What you should do: Pictures appear among the records below and must be omitted. Repeat exactly the lines from the line with "LeBron James Lakers Basketball Display" to the line with "قطط كيتن للبيع", both included.

The data:

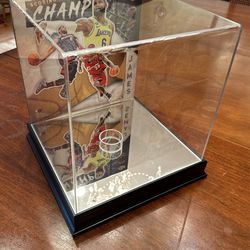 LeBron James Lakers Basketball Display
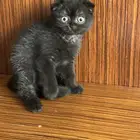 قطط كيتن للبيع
==
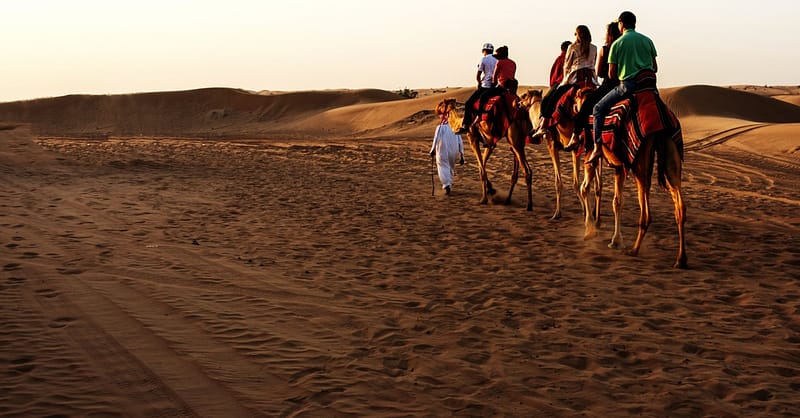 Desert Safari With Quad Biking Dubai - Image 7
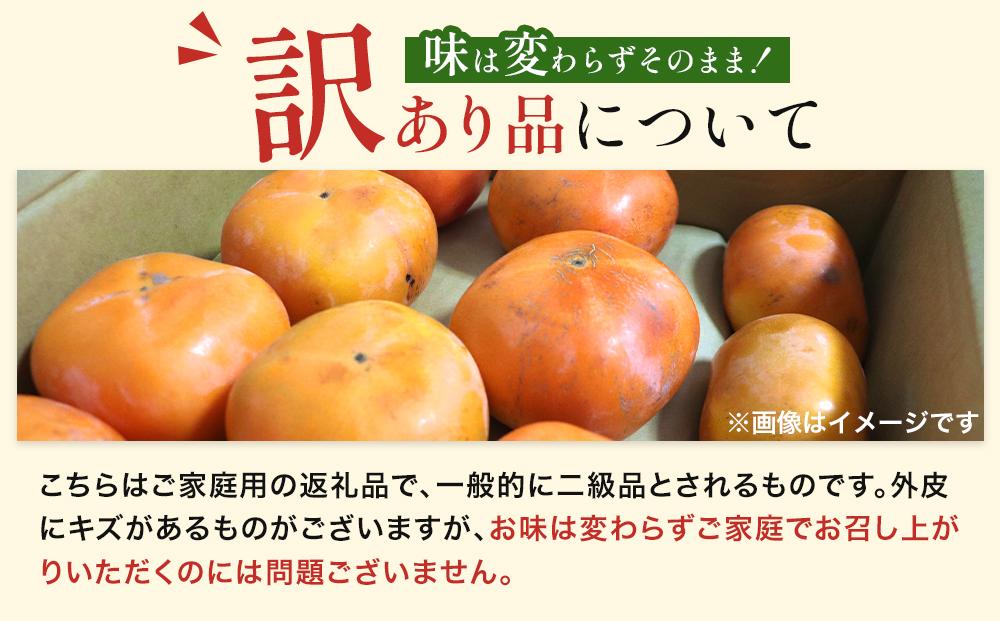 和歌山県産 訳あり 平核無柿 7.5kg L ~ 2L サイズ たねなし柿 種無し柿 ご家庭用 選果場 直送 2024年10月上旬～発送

Response:
 LeBron James Lakers Basketball Display
 قطط كيتن للبيع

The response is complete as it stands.